▶ Brief: No pictures go in the copy. Restate, word for word, each line from the one containing "PELLICANO PER ALCATRAZ" through the last line below.

▶ Source material:
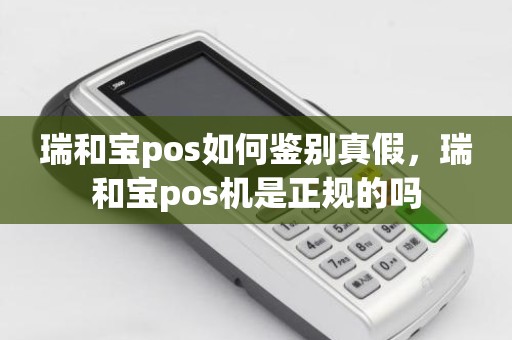 瑞和宝pos如何鉴别真假，瑞和宝pos机是正规的吗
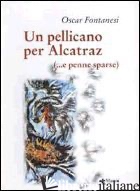 PELLICANO PER ALCATRAZ (E PENNE SPARSE) (UN) - FONTANESI OSCAR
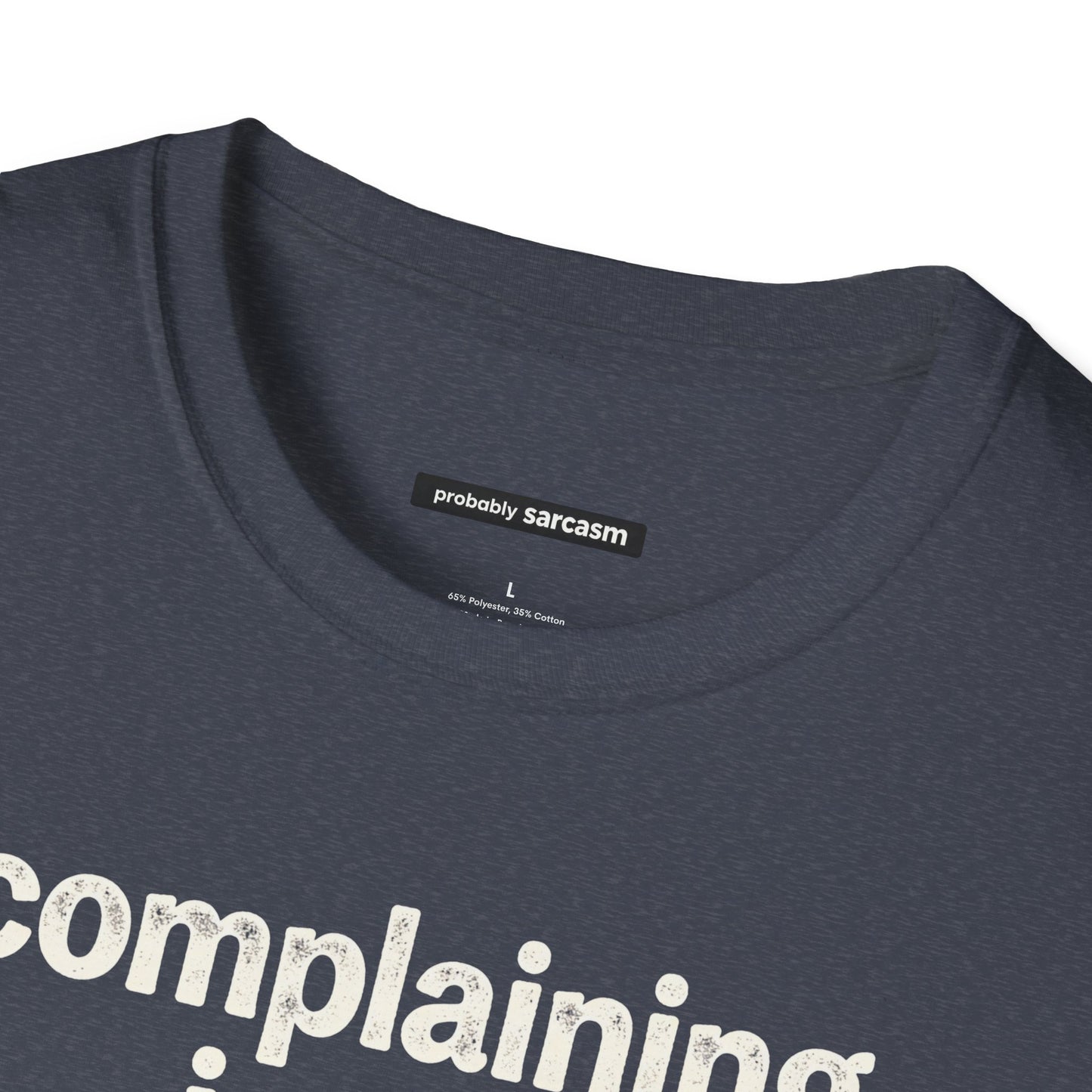 Complaining Is My Love Language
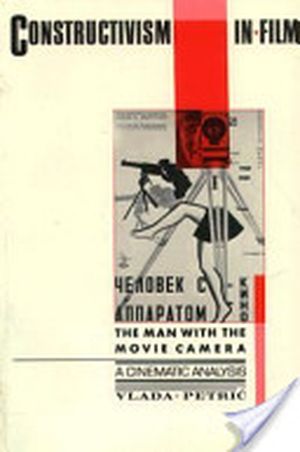 Constructivism in film, The man with a movie camera, a cinematic analysis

▶ Result of the exercise:
 PELLICANO PER ALCATRAZ (E PENNE SPARSE) (UN) - FONTANESI OSCAR
 Complaining Is My Love Language
 Constructivism in film, The man with a movie camera, a cinematic analysis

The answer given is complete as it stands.